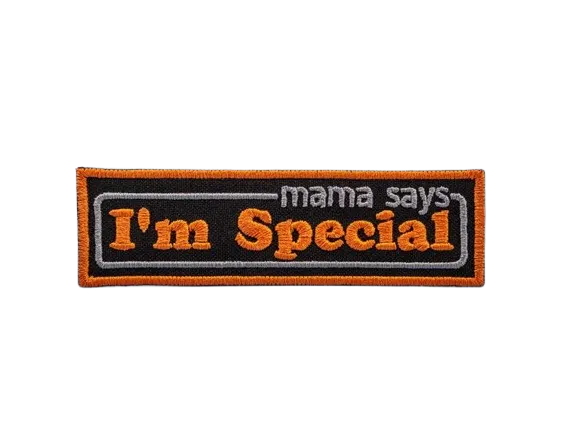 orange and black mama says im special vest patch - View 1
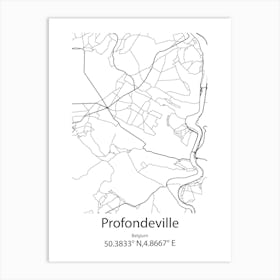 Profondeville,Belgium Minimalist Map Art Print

==

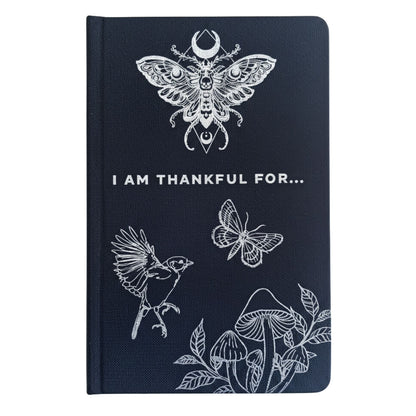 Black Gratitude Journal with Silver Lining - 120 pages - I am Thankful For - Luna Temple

--

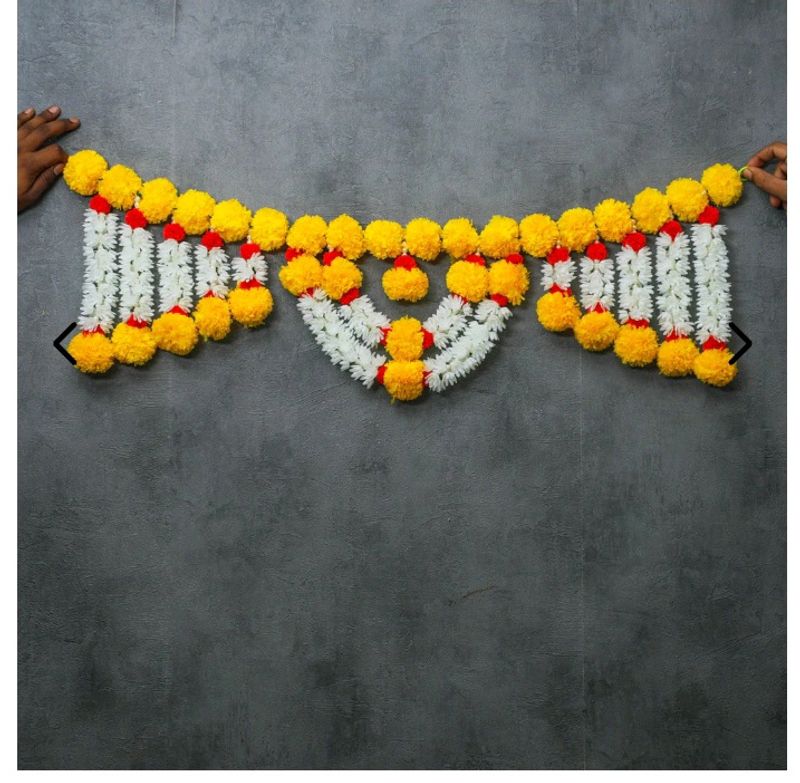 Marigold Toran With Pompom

| REQUIREMENT |
Without the pictures, set down the lines above from the line with "orange and black" up to and including the line with "Profondeville,Belgium Minimalist Map" exactly as they stand.

| ANSWER SPACE |
 orange and black mama says im special vest patch - View 1
 Profondeville,Belgium Minimalist Map Art Print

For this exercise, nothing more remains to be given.